Exceptions may be found in the case last week at Isleworth Crown Court in which “the court heard [four burglars] targeted the brothel because they thought prostitutes were less likely to report a break-in to police.” Once inside, two sex workers were raped at knifepoint and cash and mobile phones stolen.
Similar horrors provoked by the current policy can be found in my post “Who dials 999 in a brothel?” but of course many such cases are unlikely to see the light of day, given up to seven years imprisonment for those involved in running such places, together with seizure of all proceeds under the PCA and now the possible closure of the premises for three months. The resulting situation is ripe for the development of protection rackets.
Whilst sex workers as solo operators may legally employ a non-sex worker – if they can afford it – such persons are highly vulnerable to charges of controlling for gain or other offences, typified in the case of the Wolverhampton Wanderers.
Criminal justice interventions in the street scene have also been counterproductive. In both the indoor and outdoor markets, the possession of condoms are frequently used in evidence, further jeopardising safety in the community, whilst on the streets anti-prostitution drives – whether against the sex workers themselves or their clients – have caused displacement of the sex workers, often to locations unknown to them, and sometimes with tragic results, as in the case of Amanda Walker.
A Canadian study has recently been amongst the first to record and measure these increased risks of both physical and sexual violence to sex workers arising from criminal justice intervention. Much can also be learnt from the work of Dr Tracy Sagar at Swansea.
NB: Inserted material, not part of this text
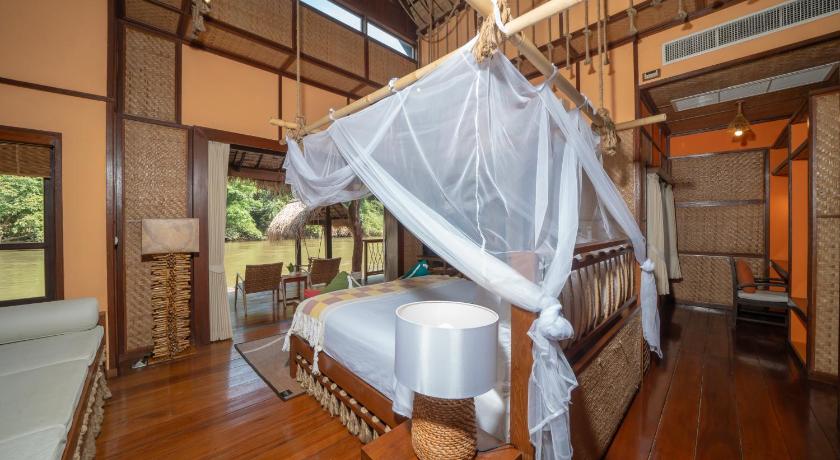 Image of Floating Villa with Dinner and Breakfast 0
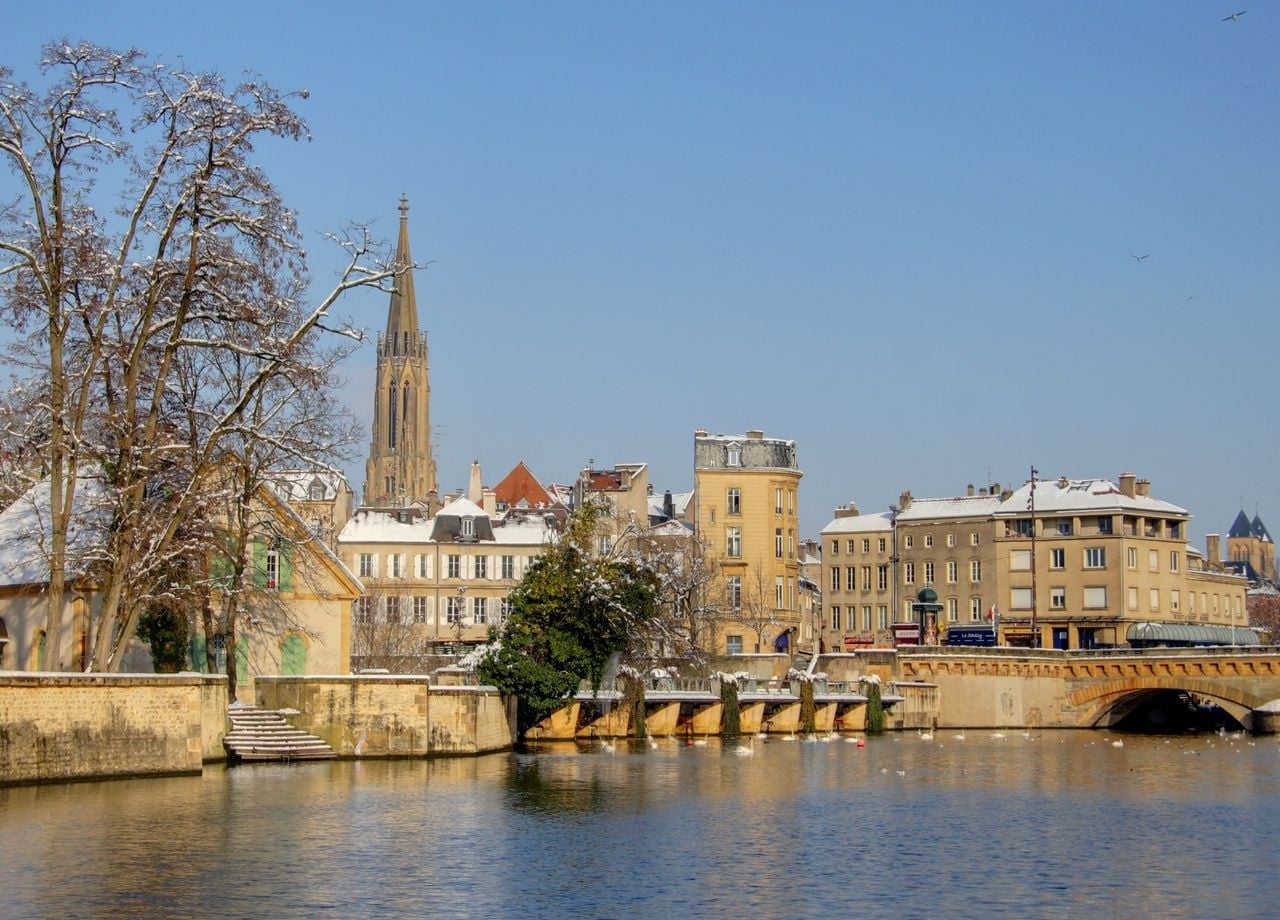 Temps sec mais fortes gelées ce week-end dans le nord-est de la France. Photo de Metz.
I am very supportive of much that you were reported as saying in the Robert Dolling lecture concerning survival sex work. Whilst many of your proposals seem to require long-term approaches, the better resourcing and development of drug rehabilitation intervention would seem essential in the short term. However, the bulk of sex work is in the indoor market and in many cases cannot in all consciousness be categorised as survival work.
Indeed, as you define the issue as in part arising from an aspirational problem of those involved, this begs the question of to what they aspire. If they aspire, for example, to own a Mediterranean yacht, in reality many might be more likely to achieve it through sex work than through the other occupations which might reasonably be available to them.
For what purpose should society intervene in sex work? Given that no significant nuisance to others is created – to deal with which laws already exist – it seems to me that intervention is only required
to prevent the involvement of minors and others incapable of exercising choice
to deal with violence and to minimise the risk of violence
to minimise the risk of transmission of infection, and
to prevent and deal with coercion
In closing, I wish you well in your new office, and look forward to your new Freedom or “Great Repeal Bill”, which will no doubt be hot off the presses in the near future. I hope that some consideration might be given to repealing the absurd ‘Trafficking’ sections of the 2003 Sexual Offences Act and replacing them with the agreed Palermo Protocol definition of trafficking to prevent further silly prosecutions of persons giving a sex worker a lift, such as that which happened to Mr Moat last week, resulting in him being given a conditional discharge for an offence meant to merit 14 years imprisonment.